Recovery - Techniques

Recovery techniques

Recovering data from physically damaged hardware can involve multiple techniques. Some damage can be repaired by replacing parts in the hard disk. This alone may make the disk usable, but there may still be logical damage. A specialized disk imaging procedure is used to recover every readable bit from the surface. Once this image is acquired, the image can be analyzed for logical damage and will possibly allow for much of the original filesystem to be reconstructed.

Hardware repair

Examples of physical recovery procedures are: removing a damaged PCB (printed circuit board) and replacing it with a matching PCB from a healthy drive (this often entails the movement of a microchip from the original board to the replacement), changing the original damaged read/write head assembly with matching parts from a healthy drive, removing the hard disk platters from the original damaged drive and installing them into a healthy drive, and often a combination of all of these procedures.
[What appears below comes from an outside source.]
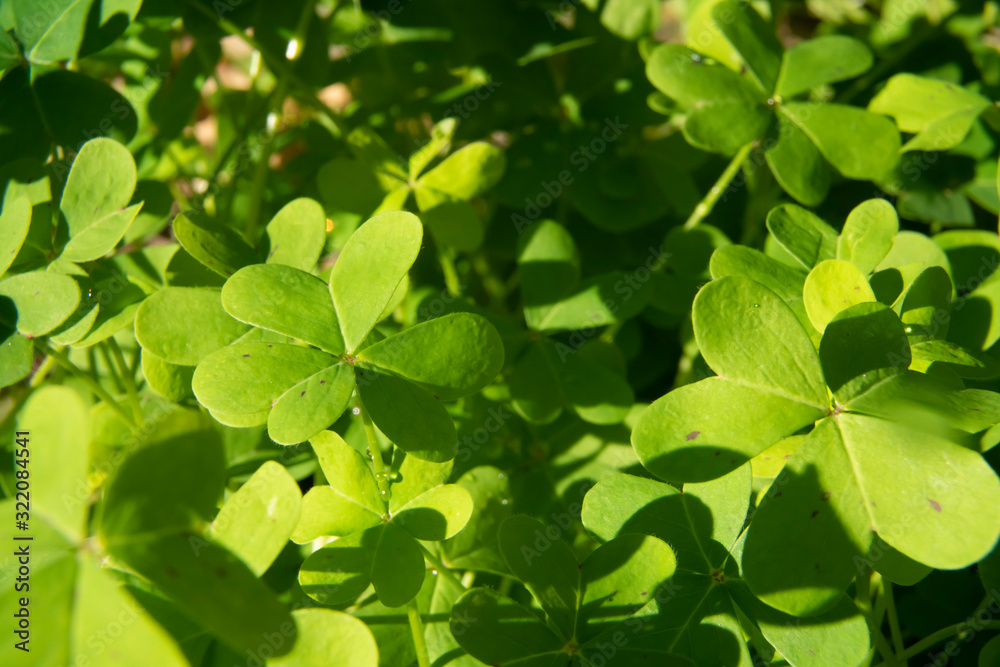 St. Patrick's Day green shamrocks St. Patrick's Day green shamrocks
All of the above described procedures are highly technical in nature and should never be attempted by an untrained individual. All of these procedures will almost certainly void the manufacturer's warranty.

Disk imaging

The extracted raw image can be used to reconstruct usable data after any logical damage has been repaired. Once that is complete, the files may be in usable form although recovery is often incomplete. According to research by the Defense Cyber Crime Institute there are also tools available to law enforcement and government agencies only such as ILook IXimager.

Open source tools such as DCFLdd v1.3.4-1 can usually recover all data, with exception of the physically damaged sectors. (It is important that DCFLdd v1.3.4-1 be installed on a FreeBSD operating system. Studies have shown that the same program installed on a Linux system produces extra "bad sectors", resulting in the loss of information that is actually available.)